FIG. 2 is a perspective view of a turbine blade such as may be
processed in accordance with an embodiment of the present
invention.
FIG. 3 is a perspective view of a part of a turbine rotor assembly
including turbine blades as may be processed according to an
embodiment of the invention.
FIG. 4 is an exemplary functional block diagram of a coating
process using the cold gas dynamic spray deposition of MCrAlYX
powder as a coating on an HPT turbine blade.

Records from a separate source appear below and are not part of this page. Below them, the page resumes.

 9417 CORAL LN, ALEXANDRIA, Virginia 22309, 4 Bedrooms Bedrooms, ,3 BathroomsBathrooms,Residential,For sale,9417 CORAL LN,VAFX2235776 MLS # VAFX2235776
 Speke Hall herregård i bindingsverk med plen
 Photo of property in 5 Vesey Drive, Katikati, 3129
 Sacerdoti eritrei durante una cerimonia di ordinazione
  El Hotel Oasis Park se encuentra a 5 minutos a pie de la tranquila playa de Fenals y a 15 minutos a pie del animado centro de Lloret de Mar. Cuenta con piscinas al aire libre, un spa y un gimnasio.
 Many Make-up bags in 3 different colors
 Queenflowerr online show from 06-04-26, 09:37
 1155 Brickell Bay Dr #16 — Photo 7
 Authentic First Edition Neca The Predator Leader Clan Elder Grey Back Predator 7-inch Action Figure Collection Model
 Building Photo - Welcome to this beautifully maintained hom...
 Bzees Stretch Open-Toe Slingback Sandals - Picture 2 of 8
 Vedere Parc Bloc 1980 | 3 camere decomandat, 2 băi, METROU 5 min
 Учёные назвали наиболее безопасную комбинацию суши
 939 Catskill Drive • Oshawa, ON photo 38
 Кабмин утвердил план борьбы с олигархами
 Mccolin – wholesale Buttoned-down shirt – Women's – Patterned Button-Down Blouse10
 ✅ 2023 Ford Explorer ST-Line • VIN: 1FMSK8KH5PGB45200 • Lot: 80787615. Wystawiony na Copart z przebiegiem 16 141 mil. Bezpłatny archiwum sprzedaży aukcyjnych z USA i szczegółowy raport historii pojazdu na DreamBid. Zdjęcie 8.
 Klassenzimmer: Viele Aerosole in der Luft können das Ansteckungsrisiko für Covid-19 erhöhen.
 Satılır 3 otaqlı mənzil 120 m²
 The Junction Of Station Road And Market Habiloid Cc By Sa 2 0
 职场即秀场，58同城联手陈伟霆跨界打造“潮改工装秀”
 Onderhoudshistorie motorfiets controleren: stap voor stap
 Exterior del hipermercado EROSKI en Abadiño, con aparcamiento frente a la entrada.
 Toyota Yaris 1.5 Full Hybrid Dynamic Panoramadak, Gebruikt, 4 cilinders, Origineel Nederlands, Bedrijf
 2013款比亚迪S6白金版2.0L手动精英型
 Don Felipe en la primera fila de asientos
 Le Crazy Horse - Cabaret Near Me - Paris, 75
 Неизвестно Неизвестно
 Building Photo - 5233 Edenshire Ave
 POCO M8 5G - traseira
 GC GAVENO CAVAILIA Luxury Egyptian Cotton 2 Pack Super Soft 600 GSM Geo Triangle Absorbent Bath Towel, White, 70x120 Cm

DETAILED DESCRIPTION OF A PREFERRED EMBODIMENT
Reference will now be made in detail to exemplary embodiments of
the invention, examples of which are illustrated in the
accompanying drawings. Wherever possible, the same reference
numbers will be used throughout the drawings to refer to the same
or like parts.
It has now been discovered that a modified MCrAlY, different from
convention formulations, offers improved performance
characteristics. The modified MCrAlY formulation includes the
addition of other elements. Thus, the modified composition is
represented by the designation MCrAlYX where X represents the
additional constituent not present in conventional
formulations.
In a preferred embodiment MCrAlYX represents the formula of the
coating material. M is preferably selected from Ni, Co and Fe
and/or alloys thereof. Cr is chromium; Al is aluminum, and Y is
yttrium. X represents one or more of the following elements: Pt
(Platinum), Hf (Hafnium), Si (Silicon), Zr (Zirconium), Ta
(Tantalum), Re (Rhenium), Ru (Ruthenium), B (Boron), and C
(Carbon). Further X may represent combinations of the designated
elements. The composition may also include incidental impurities
resulting from typical manufacturing processes. In a preferred
embodiment two, three, or four components selected from the group
represented by X are included in the modified formulation.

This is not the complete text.